L’imprévisibilité tactique est l’arme la plus redoutable du Kremlin. Depuis le début de la révolution de Maidan, elle use les nerfs des Ukrainiens et de tous ceux qui, dans le monde, ont compris que l’avenir de l’Europe se joue en Ukraine. Chacun s’endort chaque soir en se demandant ce qu’il lira sur internet le lendemain matin. Le philosophe ukrainien Constantin Sigov a raison de dire que nous devons lutter contre cette tyrannie de l’immédiat, vivre et penser la renaissance du pays et ses relations avec ses voisins dans une temporalité large. Mais l’imprévisibilité russe n’est pas qu’une arme tactique dans sa «guerre non linéaire» contre l’Ukraine, c’est aussi la manifestation d’une faiblesse profonde qui taraude la Russie depuis 1991.

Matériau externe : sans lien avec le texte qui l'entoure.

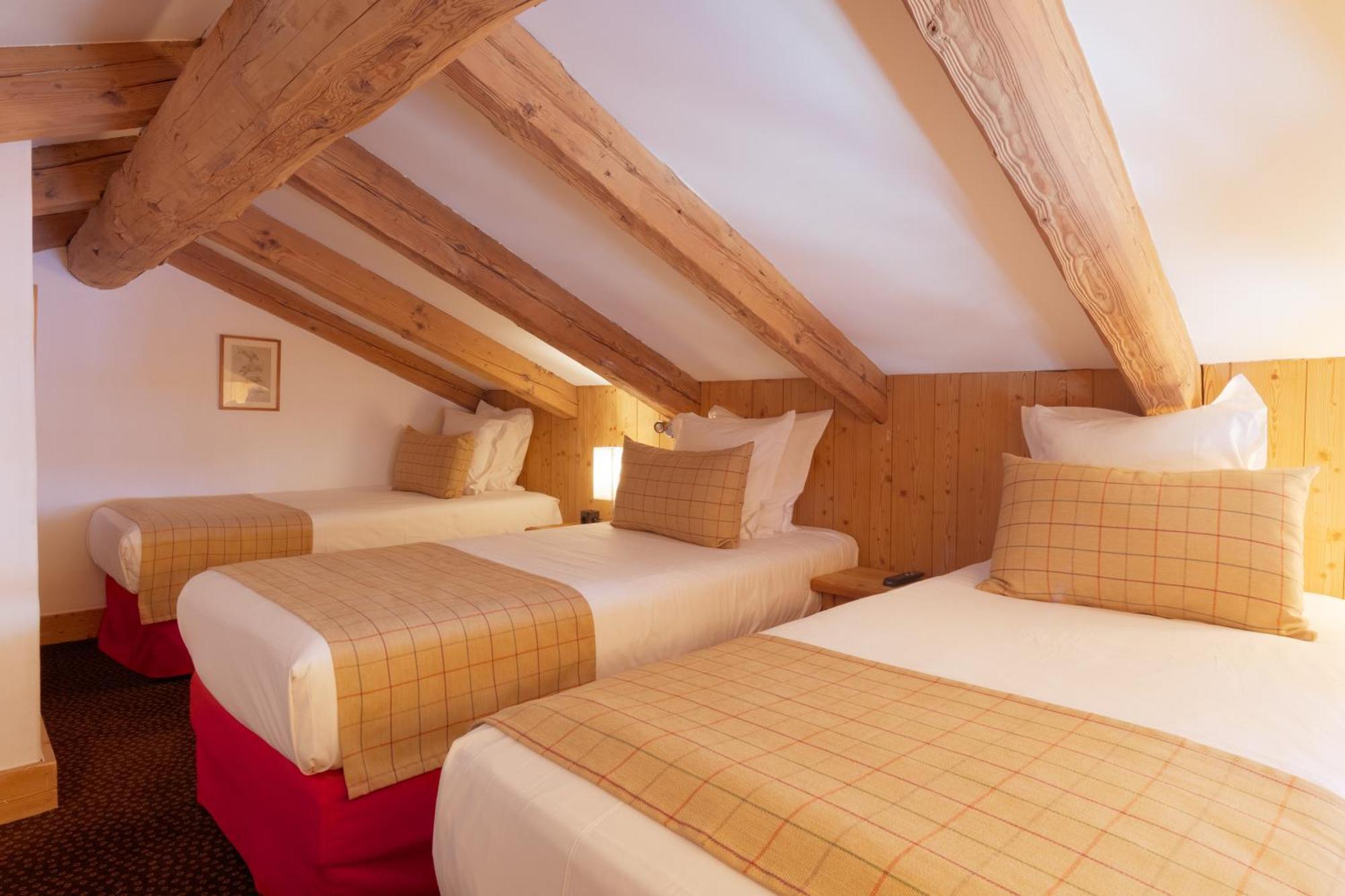 La Ferme Du Golf Megève Quarto foto
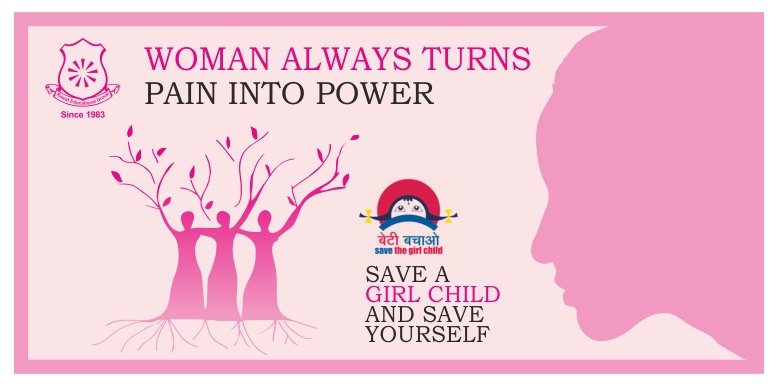 Woman Always Turns Pain into Power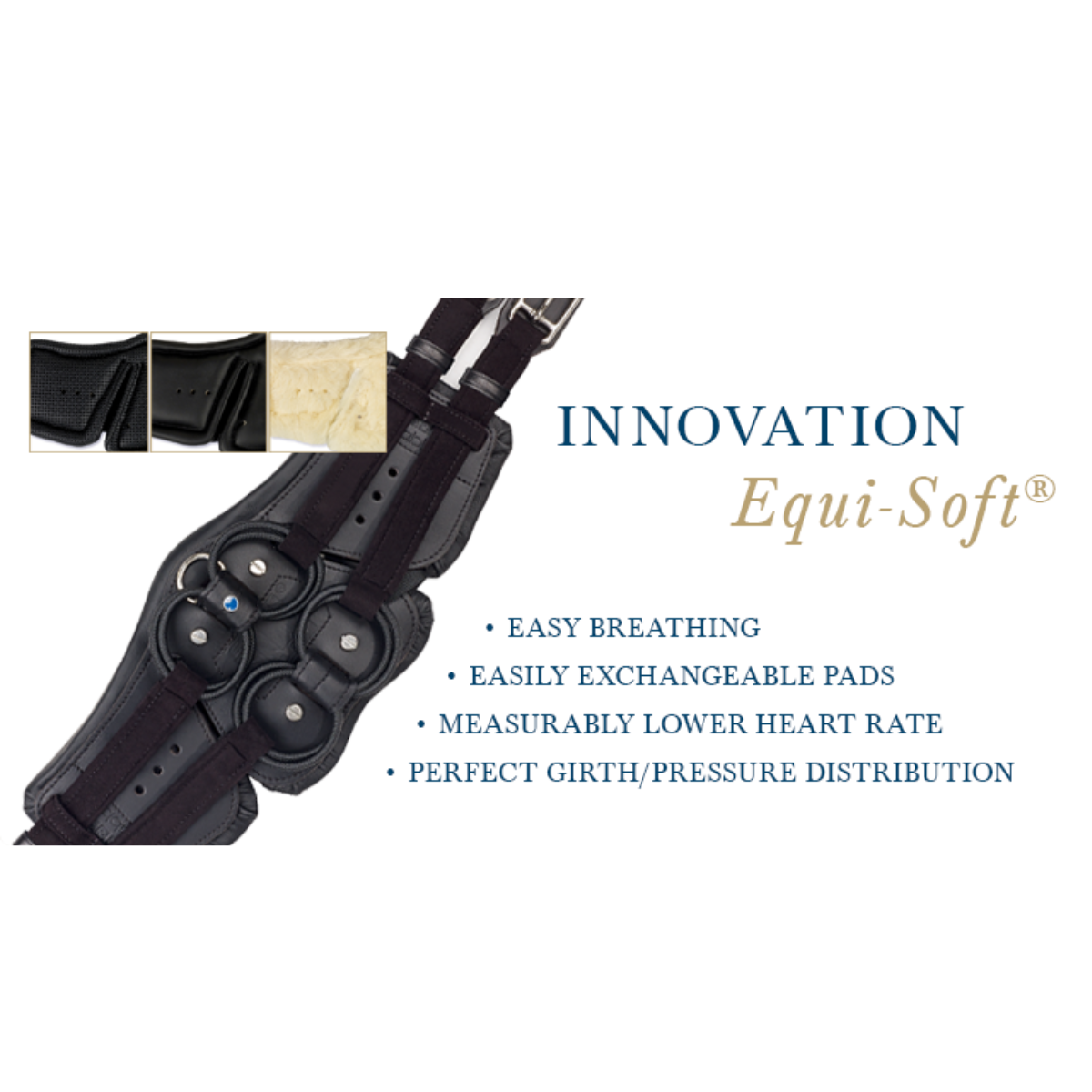 Stübben Equi-Soft dressyrgjord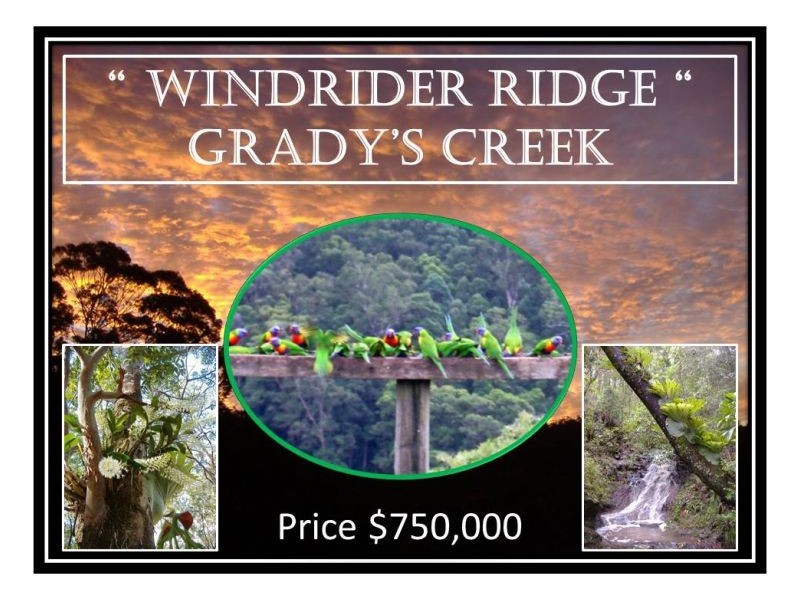 1477 Gradys Creek Road, Kyogle NSW 2474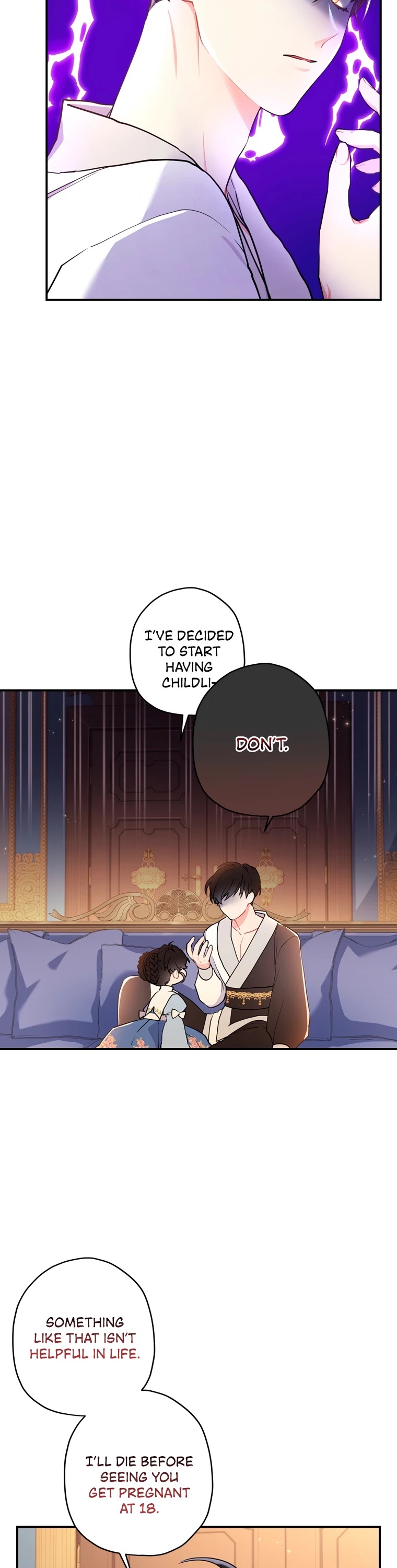 I Became The Male Lead’S Adopted Daughter Chapter 37 - Page 28 in English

Le plus grand pays de la terre par la superficie ne sait pas qui il est ni ce qu’il veut être. Vladimir Poutine est sans doute une intelligence aiguë mais étroite, qui ramène le monde réel à la vision qu’en ont les services secrets, mais il a su à sa manière exprimer le problème existentiel de la Russie et laisser espérer qu’il allait le résoudre, en fusionnant dans sa personne le nationalisme russe –à la fois à la mode slavophile et à la mode stalinienne– et l’impérialisme eurasiste, la nostalgie victimaire («On vit mal et personne ne nous aime») et l’agressivité impériale («Nos missiles ont dix ans d’avance sur ceux des Américains»).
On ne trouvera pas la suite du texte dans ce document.